Web page caption snippets
● ● ● ● ● ● ●

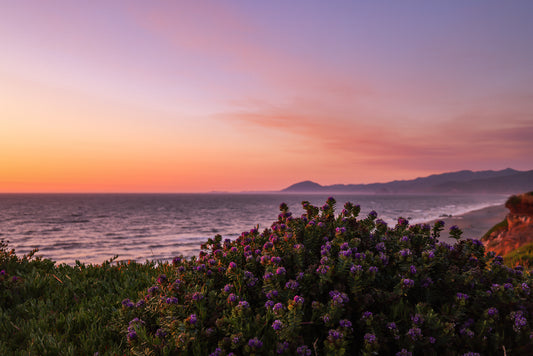 Sunset Hues
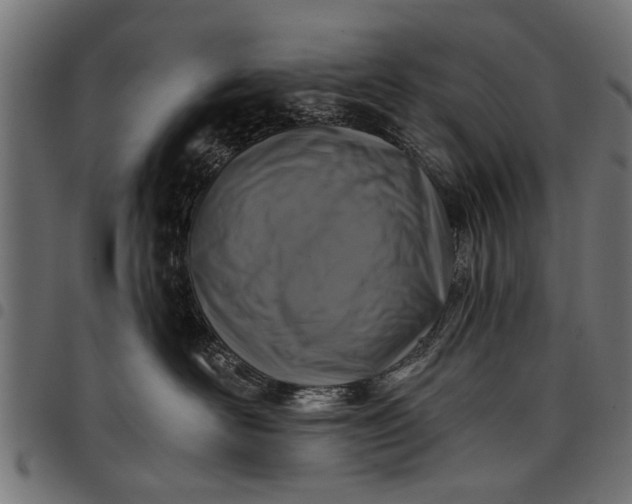 X0000097810526200803281101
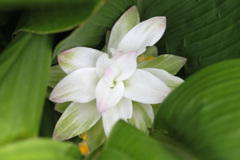 ウコンの花で～す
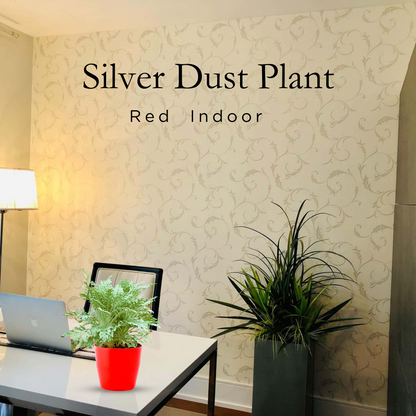 Sliver Dust Plant with Red Round Pot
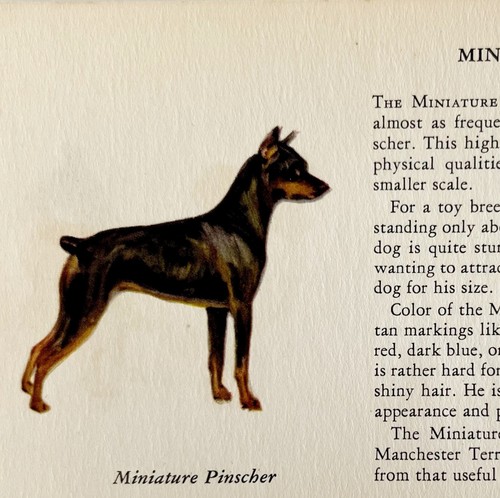 Miniature pinscher 1939 dog - miniature,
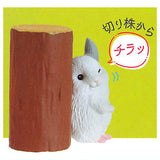 Chinchilla chillalism [5.A glimpse from the stump]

● ● ● ● ● ● ●

* Problem to solve
In your copy, restate the data above word for word but leave out any picture.

* Response to the exercise
 Sunset Hues
 X0000097810526200803281101
 ウコンの花で～す
 Sliver Dust Plant with Red Round Pot
 Miniature pinscher 1939 dog - miniature,
 Chinchilla chillalism [5.A glimpse from the stump]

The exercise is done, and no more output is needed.